There were eight players that were to play in the match; supposedly eight of the best players there were at that time. The casino(s), I believe out of Vegas but, I dont recall exactly which one(s), were sponsoring it. It was a $50,000 winner take all tournament. I dont remember the eight players, but two of them were Buddy Hall and Mike LeBron. I truly wish I could name the other six players.

Anyway, one player that was obviously absent from the list was Earl Strickland, player of the year and current world champion. The reason given that Earl could not be there was that he was scheduled to be out of the country and would not be able to play. Now, you need to realize that the conversation I am about to recount to you happened BEFORE the tournament. And, whatever you may think of Earl for whatever reason, the following shot my stock in him through the roof.

I mentioned to Strickland that I hated hearing that he would not be able to compete in the $50,000 Challenge of Champions due to being out of the country. He kind of chuckled in the way that he does and said something to the effect that yea, he would be out of the country but, they had scheduled it that way because they didnt want him to play in it. At that point, I was thinking Earl may have a little too high an opinion of him self. Then what he told me I found totally incredulous. He told me that they planned to split the money ($50,000) up equally among them! Furthermore, the long shot in the tournament (even odds would be 7 to one against) was LeBron, and that the house odds on him were 20 to 1. The idea was that the players could then bet the money back on LeBron. Earl said he would have nothing to do with fixing the match! He said he told them he would play, but that if he did he would be playing to win, and would not agree to any split agreements.

Now, I think you would admit, that was really an unbelievable story. I left that conversation with my first doubts about things Earl says. Well to this day I owe him an apology for having doubted what he said.

The Challenge took place. Now, this was a big thing. I mean in my mind that event was one of the best things that had ever happened to pool. Not only did we have a sponsor behind the event for 50 large, which was great, but, they were also making lines on the event! Now, people may approve or disapprove of gambling, I will not judge others individual beliefs; personally for some people I think it is wrong for them to gamble, and for others I dont. However, I do believe that one of the best things that can happen to a sport, it terms of making it popular, is the ability of the public to wager on it. Bingo! With this event we had two of the best things that could ever happen to pool taking place; a sponsor putting money behind the game and lines were being made legally! Damn, people it dont get any better!
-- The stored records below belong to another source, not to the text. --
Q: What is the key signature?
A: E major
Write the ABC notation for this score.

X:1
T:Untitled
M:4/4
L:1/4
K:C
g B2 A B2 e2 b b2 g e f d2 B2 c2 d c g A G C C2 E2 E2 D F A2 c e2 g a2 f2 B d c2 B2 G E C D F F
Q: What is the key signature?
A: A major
Then I saw the finals of the match! Time and time again I watched the last two innings between Buddy Hall and Mike LeBron, I could NOT believe what I was seeing. It has been a decade or more since I saw it, but I remember it well. They made it look good. The problem was they made it look too good. Here is what happened, the best I can recall.
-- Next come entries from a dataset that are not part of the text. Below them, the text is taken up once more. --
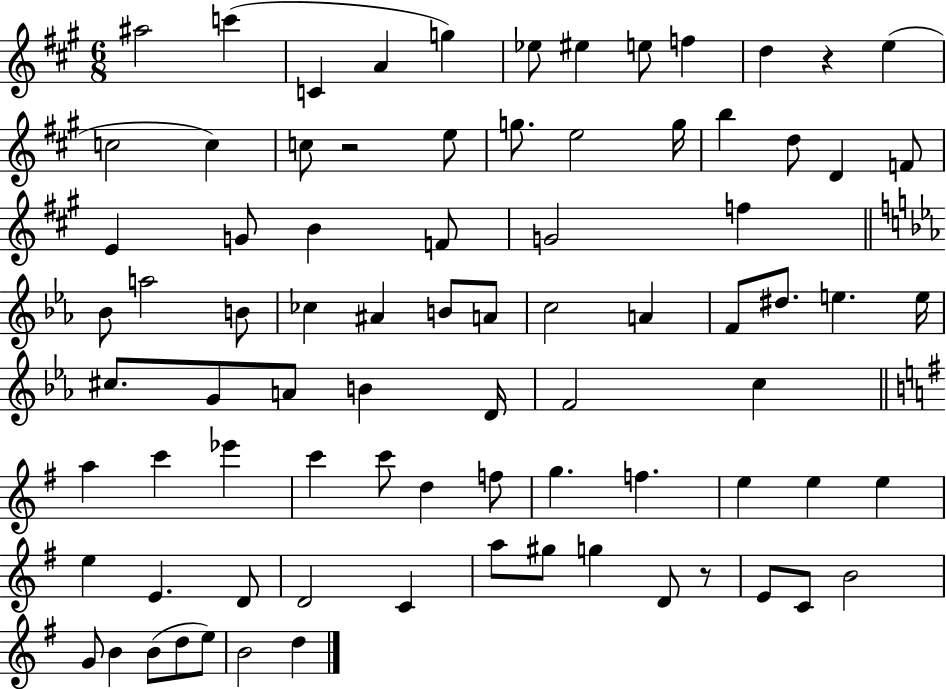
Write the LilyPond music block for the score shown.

{
  \clef treble
  \numericTimeSignature
  \time 6/8
  \key a \major
  ais''2 c'''4( | c'4 a'4 g''4) | ees''8 eis''4 e''8 f''4 | d''4 r4 e''4( | \break c''2 c''4) | c''8 r2 e''8 | g''8. e''2 g''16 | b''4 d''8 d'4 f'8 | \break e'4 g'8 b'4 f'8 | g'2 f''4 | \bar "||" \break \key ees \major bes'8 a''2 b'8 | ces''4 ais'4 b'8 a'8 | c''2 a'4 | f'8 dis''8. e''4. e''16 | \break cis''8. g'8 a'8 b'4 d'16 | f'2 c''4 | \bar "||" \break \key g \major a''4 c'''4 ees'''4 | c'''4 c'''8 d''4 f''8 | g''4. f''4. | e''4 e''4 e''4 | \break e''4 e'4. d'8 | d'2 c'4 | a''8 gis''8 g''4 d'8 r8 | e'8 c'8 b'2 | \break g'8 b'4 b'8( d''8 e''8) | b'2 d''4 | \bar "|."
} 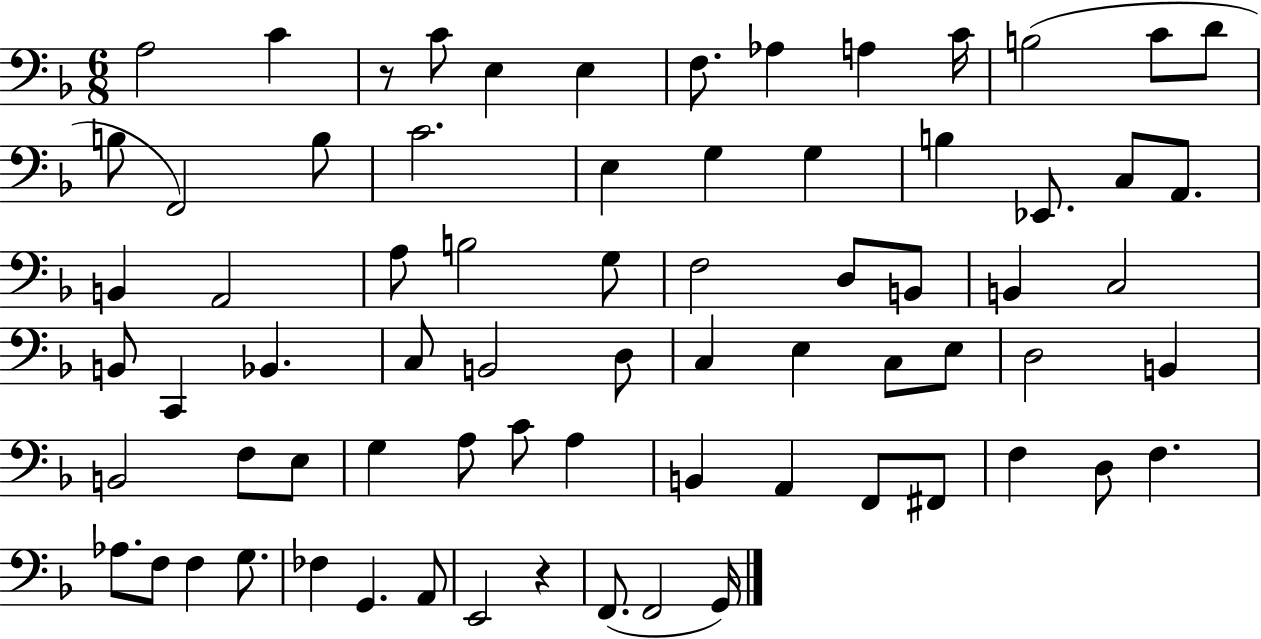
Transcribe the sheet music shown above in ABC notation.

X:1
T:Untitled
M:6/8
L:1/4
K:F
A,2 C z/2 C/2 E, E, F,/2 _A, A, C/4 B,2 C/2 D/2 B,/2 F,,2 B,/2 C2 E, G, G, B, _E,,/2 C,/2 A,,/2 B,, A,,2 A,/2 B,2 G,/2 F,2 D,/2 B,,/2 B,, C,2 B,,/2 C,, _B,, C,/2 B,,2 D,/2 C, E, C,/2 E,/2 D,2 B,, B,,2 F,/2 E,/2 G, A,/2 C/2 A, B,, A,, F,,/2 ^F,,/2 F, D,/2 F, _A,/2 F,/2 F, G,/2 _F, G,, A,,/2 E,,2 z F,,/2 F,,2 G,,/4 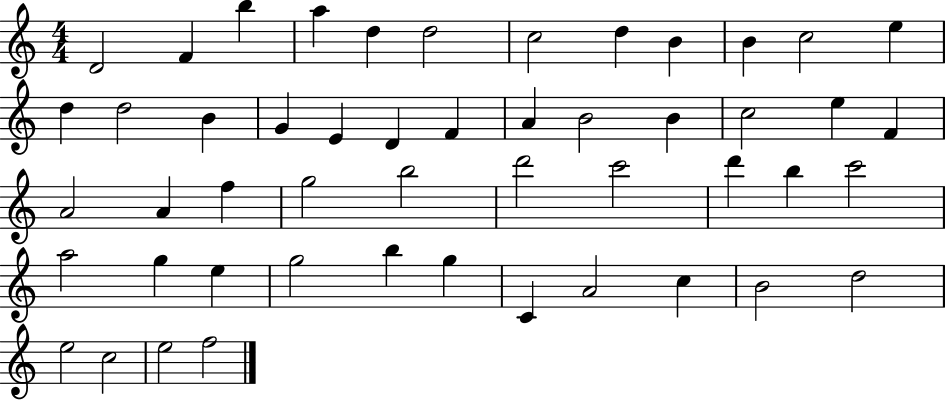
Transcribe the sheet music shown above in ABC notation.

X:1
T:Untitled
M:4/4
L:1/4
K:C
D2 F b a d d2 c2 d B B c2 e d d2 B G E D F A B2 B c2 e F A2 A f g2 b2 d'2 c'2 d' b c'2 a2 g e g2 b g C A2 c B2 d2 e2 c2 e2 f2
The finals match came down to Buddy and Mike at hill/hill. Some how Mike, trying to win, left Buddy Hall an easy shot on the eight. I mean the eight was somewhere a around the spot, the nine was setting a few inches below it. The cue ball was over by the side pocket and off the side rail, so that the shot on the eight was almost perfect. Just shoot the eight in and draw back for an easy shot on the nine. Any, I mean ANY decent 9-ball player is going to get out here. I mean hell, I would even let you bet what you like, and I would bet I could get out from there even to day, and I dont really play anymore.

But, to my shock and chagrin, Buddy Hall missed the shot and sends the eight, the nine, and the cue ball all rolling around the table. Now get this, when the balls stop, the best I remember, LeBron is left safe on the eight, he may have even been hooked. Like I say it has been over a decade, but the best I remember, by sheer luck Buddy had left Mike snookered on the eight. Mike makes a good hit on the eight but, leaves Buddy again with an easy shot on the eight into a corner pocket, where the cue and the eight are both over by the side rail, and getting shape on the nine is nothing.

You know how the cameramen will shoot over the pocket toward the ball that is to be pocketed. Well, that was the view given, and the shoot was such a slight cut that you could also see the cue ball in the frame. This was where I sat there watching the video in total disbelief! You could tell from the angle of the camera shot, that as Buddy lined up on the shot, not only was he going to miss another gime, the shot was so easy, he was actually was cutting the eight away from the pocket! Again, one of the best there was missed, another easy shot. I appeared more that obvious to me that he tried to miss. But, in his defense, we, and even the best have missed easy shots, but for one of the best in the world, and one of the best money players ever known, to do it back to back with 50 large on the line, get real. Remember, second got nothing (supposedly), it was a winner take all.

Then, just like Earl had told me would happen, Mike LeBron won!

If you think I may have judged the situation to harshly, get a copy of the tape of the final match and watch it for your self, I think you will agree with me. Furthermore, if you purchase the tape with the expectation of watching two good pool player play the best they can for the cash, you will have been cheated! They were playing for the cash alright, and it was wrong. Now, before any of you want to jump my case for condemning these players, I am not condemning them, just their actions. As individuals, the true measure is what they will do, rather than what the might have done. We all change. The greatest wrong is not in the mistakes we make, but if we fail to learn from them.

Again, we had met the enemy and it was us! Yes, we had a sponsor putting considerable money behind the sport, and they were making lines on the game; and in the typical self interests motivated logic of pool players, we tried to get the best of them. My God, will we ever learn.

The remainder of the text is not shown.